Shadyside Schools Ink Deal With Gulfport
SHADYSIDE – John Haswell understands the natural gas drilling lease the Shadyside Local School District signed with Gulfport Energy for $7,250 per acre and 20 percent of production royalties will not solve all the district’s financial challenges.
But it sure helps.
“With just 20 acres, it’s not a lot, but every little bit helps,” said Haswell, who serves as both district superintendent and Shadyside High School principal. “It will help our budget this year, though, for sure.”
Gulfport continues drilling productive wells throughout Belmont County, as the Irons 1-4 H well along Ohio 148 near Armstrong Mills is yielding about 30 million cubic feet of dry methane natural gas per day. Haswell has reason to hope the initial $145,000 lease payment for the district’s 20 acres could be just the beginning for Shadyside.
“Only time will tell as far as the royalties go. That will depend on how Gulfport moves forward with its drilling plans,” Haswell said. “I know there are people throughout the town signing on with them, so they should be looking to do something here.”
Many East Ohio residents who originally signed leases with Wishgard LLC or Tri-Star Energy have seen those contracts turned over to Gulfport.
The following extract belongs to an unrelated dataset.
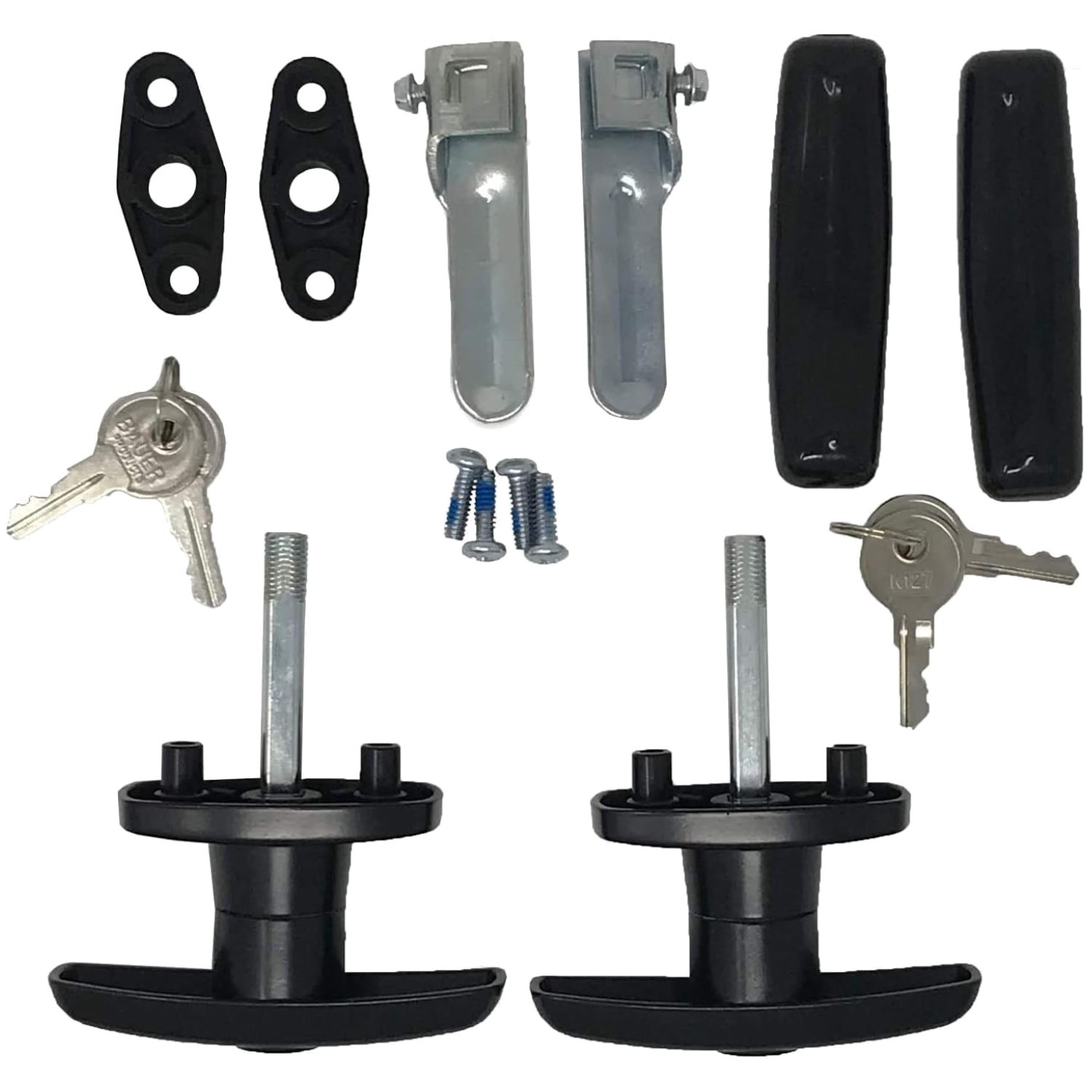 Bauer T-Handle Set with K-127 Keys | 2″ Shaft, 1/2″ Thread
This year, Gulfport plans to spend more than $630 million to drill about 95 new wells in the Utica Shale.
No one should expect to notice any environmental impact from drilling on the district’s land, as Haswell said the Gulfport contract includes a “non-surface use clause.” This means the driller would place its rig and other equipment on the surface outside the village to access the school’s property via horizontal drilling and fracking.
“There are some environmental concerns that our board took very seriously. We wanted to make sure they would not be storing brine anywhere on our property,” he said. “We didn’t want to have an oil derrick in the middle of our baseball field.”
Haswell said even if Gulfport would choose not to use the district’s acreage in one of its drilling pads, the $145,000 will be quite helpful for a district that lost substantial property tax revenue when FirstEnergy Corp. closed the R.E. Burger Plant a few years ago.
“That really killed us when they closed,” Haswell said of the FirstEnergy facility. “I am still hoping someone is going to build an ethane cracker down at Dilles Bottom.”
Haswell said the Burger Plant’s closure left an annual $733,000 hole in the district’s budget. In November, Shadyside voters approved a 4.61-mill levy for the school, which is expected to generate about $365,000 per year for five years.
“We have cut and cut and cut. We are down to the bare minimum,” he said, noting the district has not been able to replace some retiring employees.
To make sure no one questioned whether he was doing his part for the district, Haswell is even working as a bus driver for the school now, while maintaining his superintendent and principal duties.
“I don’t mind doing it,” Haswell said of driving the bus. “As long as I am here, I will probably keep driving.”